> What is being asked:
All lines in the records below from the line with "Einhorn reitet auf" through the line with "Ulla Popken, ALLOVER" are to be given again exactly, both ends included; the pictures are to be left out.

> Information provided:
════════════════

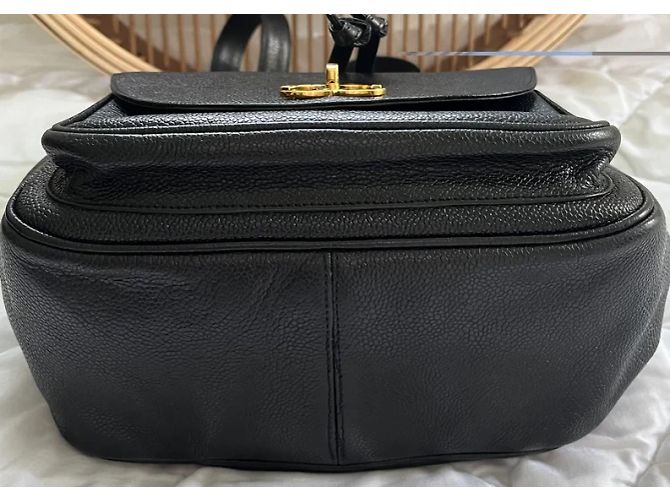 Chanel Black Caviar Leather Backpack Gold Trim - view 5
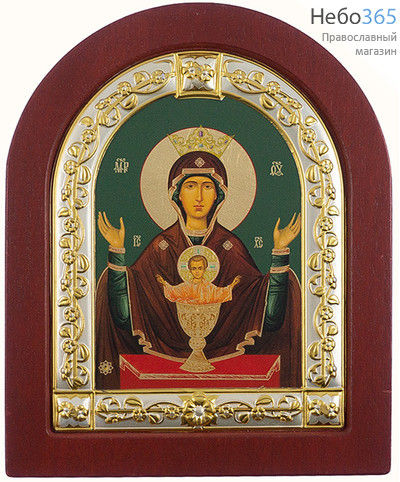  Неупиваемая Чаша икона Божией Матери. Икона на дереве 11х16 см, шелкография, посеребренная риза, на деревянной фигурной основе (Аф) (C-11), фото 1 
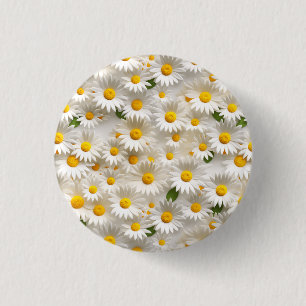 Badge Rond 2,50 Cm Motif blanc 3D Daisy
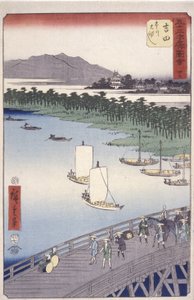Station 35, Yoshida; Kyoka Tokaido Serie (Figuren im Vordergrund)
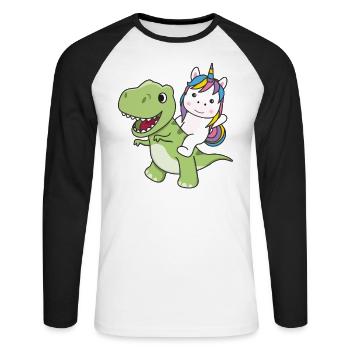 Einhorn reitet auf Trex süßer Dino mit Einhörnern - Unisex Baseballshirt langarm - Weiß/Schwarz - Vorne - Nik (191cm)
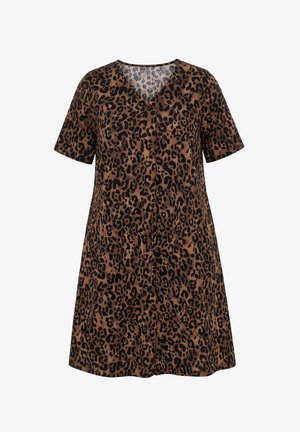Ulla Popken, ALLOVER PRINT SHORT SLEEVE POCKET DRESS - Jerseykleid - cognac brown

════════════════

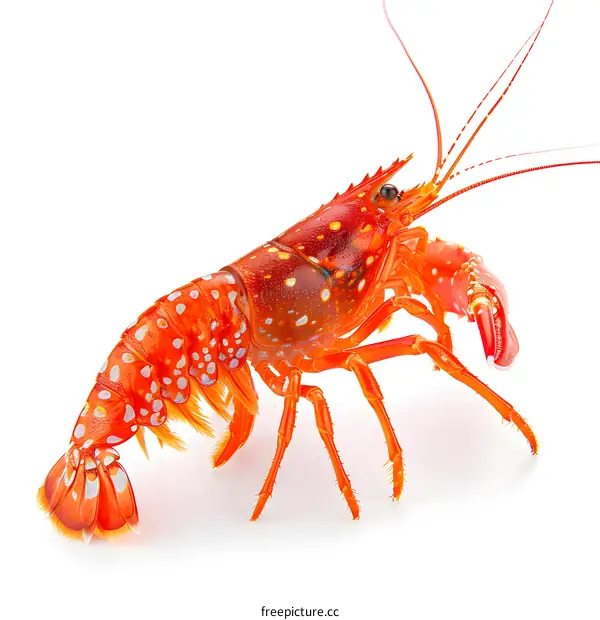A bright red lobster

════════════════

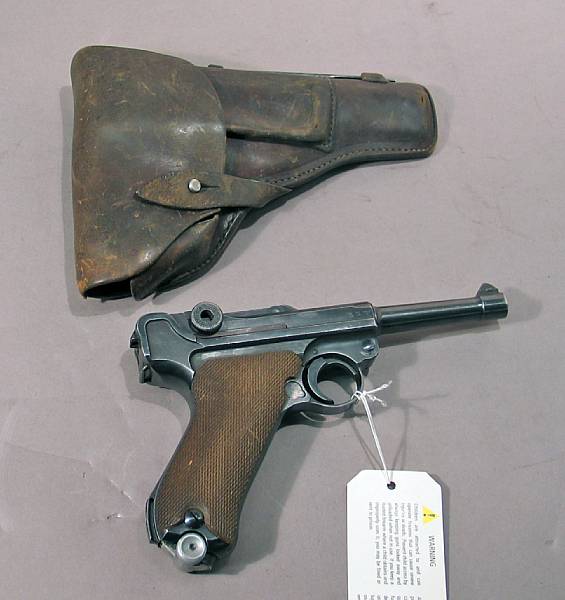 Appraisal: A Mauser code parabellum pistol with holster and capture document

════════════════

> Answer to this task:
 Einhorn reitet auf Trex süßer Dino mit Einhörnern - Unisex Baseballshirt langarm - Weiß/Schwarz - Vorne - Nik (191cm)
Ulla Popken, ALLOVER PRINT SHORT SLEEVE POCKET DRESS - Jerseykleid - cognac brown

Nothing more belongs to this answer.